Toc Toc Toc

Toc Toc Toc

Il rumore delle dita
Quando cadono per terra
S’è distratta una trancia

Alle volte le dita
Alle volte la vita

Inseguimenti
Trimestrali
Del domani
Nella prigione
Dell’oggi

Scende la pressa
Accetti il contratto

Niente più
Do-mani
Ne resta una

Nessuno paga
Non a fine mese
Non in tribunale

E gli onori
Della patria
Solo
Se hai il mitra
Non la zappa

E muori.


Prosa

Una corrente d’aria
Una porta che sbatte

Cerchi la dolcezza
Del ricordo
Trovi l’insipido
Del per-finta

Si scosta la tenda

So
Di poter fare
Molto di più
Di ciò che faccio

Scende la tapparella

La guardi

Persone
Senza una storia
Ma con un destino

Corrono

Corrono
Dallo psicologo
Per farselo chiarire

Il destino

Ora
Sanno dove correre

L’amore
È l’infinito
Al livello dei barboncini

Céline

C’era la specie
Non l’infinito

Ti sei accoppiata
Hai pisciato
Sulla siepe
Te ne sei andata

Quel che resta è prosa
Non poesia.


Una macchia, ciccio pernacchia!

Era comparsa dal nulla, là in un angolo del soffitto, dove il bianco dell’intonaco lascia il posto alla muffa.
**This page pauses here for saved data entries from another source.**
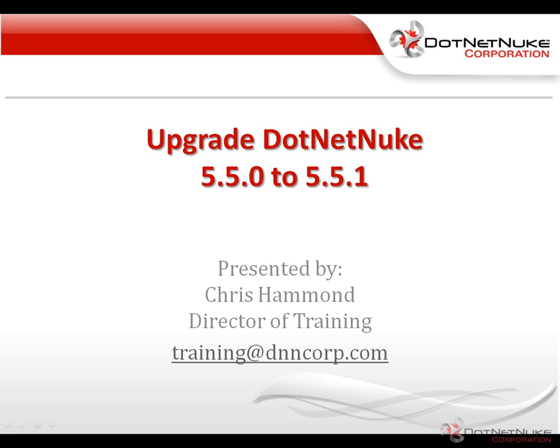Hello, my name is Chris Hammond. I'm the director of training here at DotNetNuke Corporation. Today I'm going to show you how to upgrade DotNetNuke.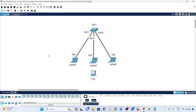In this video I'm going to show you how to configure port security on a Cisco switch. I have this topology here with just one switch and three laptops connected to it.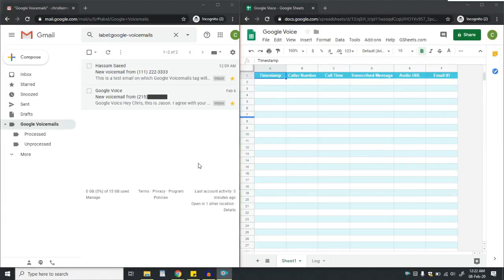On the right side of the screen you can see Google Sheets, and on the left side of the screen you can see an inbox.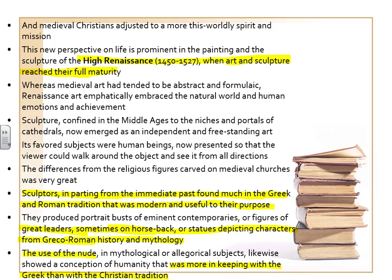Welcome back. Today I want to talk about Renaissance art and some of the innovations of Michelangelo. We'll also discuss Leonardo da Vinci and Raphael. There's plenty to do and lots of artwork to look at.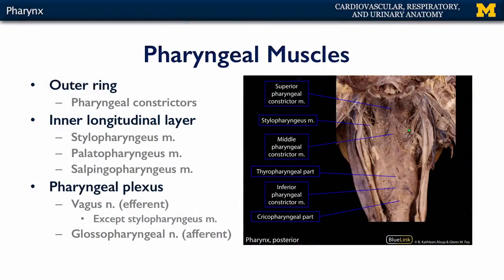The glossopharyngeal nerve also descends from the brain through the jugular foramen and provides the afferent or sensory component to the pharyngeal plexus for the entirety of the pharynx, with the exception of the nasopharynx, which is innervated by V2, a branch of the maxillary nerve. In addition, the pharyngeal plexus includes contributions from the superior cervical ganglion of the sympathetic trunk to help modulate blood flow.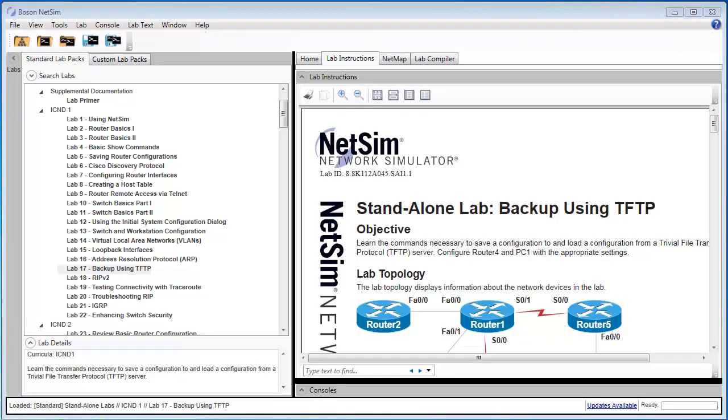Hello, my name is Stephen Bassey, I'm one of the software engineers here at Boson, and in this video, I'm going to walk you through Standalone Lab 17, backup using TFTP.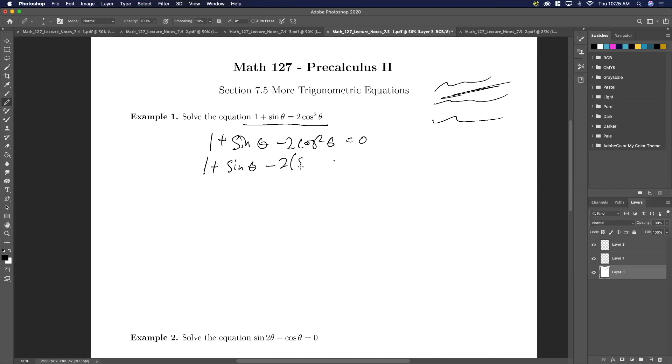The first thing we're going to do is get it all to one side. Usually if you have a square, you want to get everything to one side. So two cosine squared theta equals zero. Then we're going to plug in the Pythagorean Identity — because then it gets everything to sine. So what happens if I substitute the Identity: it's one minus sine squared theta equals zero.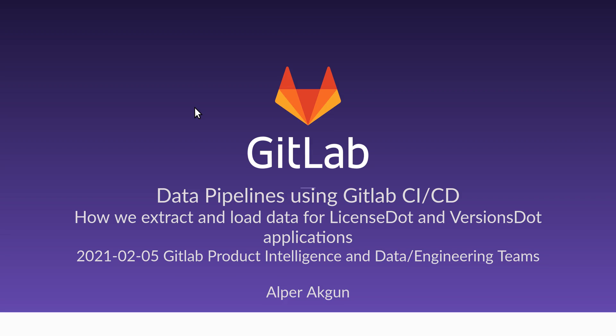Hello everyone, today I'm going to talk about how we dogfood GitLab CI/CD to do data pipelines - how we extract and load data for the LicenseDot and VersionsDot GitLab applications using GitLab CI/CD and pipeline schedules. This is Alper from GitLab. Product Intelligence and Data Engineering teams worked together on this.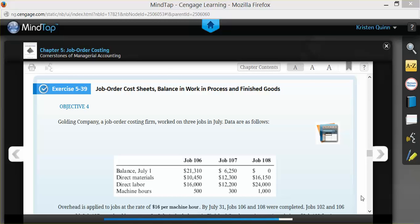Overhead, and calculating the ending balances in work in process and finished goods. For this company, we are going to calculate the information for three different jobs: Job 106, 107, and 108.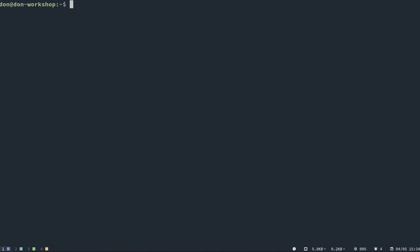The first thing we need to do is obviously install Wine. I will leave a tutorial down in the description linking to ubuntuhandbook.com — he has a really good tutorial and that's the one I always follow to install the latest version of Wine. I'm using Wine 5.5.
All’inizio non c’aveva fatto caso, era troppo vicina alla muffa, troppo immersa in quel nascosto che ignoriamo per abitudine, per farci caso. Poi piano piano, con andatura impercettibile ma costante, s’era spostata verso il centro della stanza. Così, una mattina, track! Comparsa dal nulla! Arrivata come una corrente d’aria che sbatte la porta e sbarra per un momento il passo all’abitudine; e d’improvviso nello specchio la vecchiaia ed in tua figlia il seno.

Ed ora era la, al centro del soffitto, una macchiolina nera su sfondo bianco che cresceva, cresceva, cresceva.

O forse no, anzi di sicuro no! Non cresceva, in realtà neppure c’era, ecco sì, solo la stanchezza! Eppure, la sera quando si coricava, o la mattina nello svegliarsi la vedeva e le sembrava un po’ più grossa, un po’ più nera.
Ed il vedere era diventato guardare, il guardare cercare; la cercava, ora, come si cercano il vuoto e la pioggia. Una corsa d’occhi ogni mattina, nella luce della finestra, alla ricerca del nero; un ritirarsi malinconico la sera, in fuga dal brillare della città.
Poi aveva cominciato a seguirla, in modo impercettibile al principio, nella stessa maniera velata e violenta con cui era comparsa. Così le era sembrato di vederla sul piattino del caffè, era sicura d’averla intravista nell’ufficio del capo, l’aveva notata alla toilette.
Piccola, scura, perniciosa: un urlo acuto che immerso nel bianco, dà il via a una valanga.

Dunque, per il necessario svolgersi degli eventi, sul muro dell’ufficio, vicino alla porta, ora c’è una macchia; ma non piccola e nera, piuttosto grande e marron chiaro.
Una mattina infatti, durante una pausa nell’ufficio ben illuminato, bevendo il caffè a gambe incrociate ed unghie rifatte, l’ha vista. Era li, a mezz’aria, in un punto imprecisato fra il muro l’adesso e il perchè. La mano è scattata e la tazzina è volata sul muro.

Ma al riaprirsi degli occhi, al fermarsi della mano, al rallentare del cuore, lì a mezz’aria, nel mezzo della luce vitale del mattino, galleggiava una macchia, un puntolino nero, invisibile ed enorme.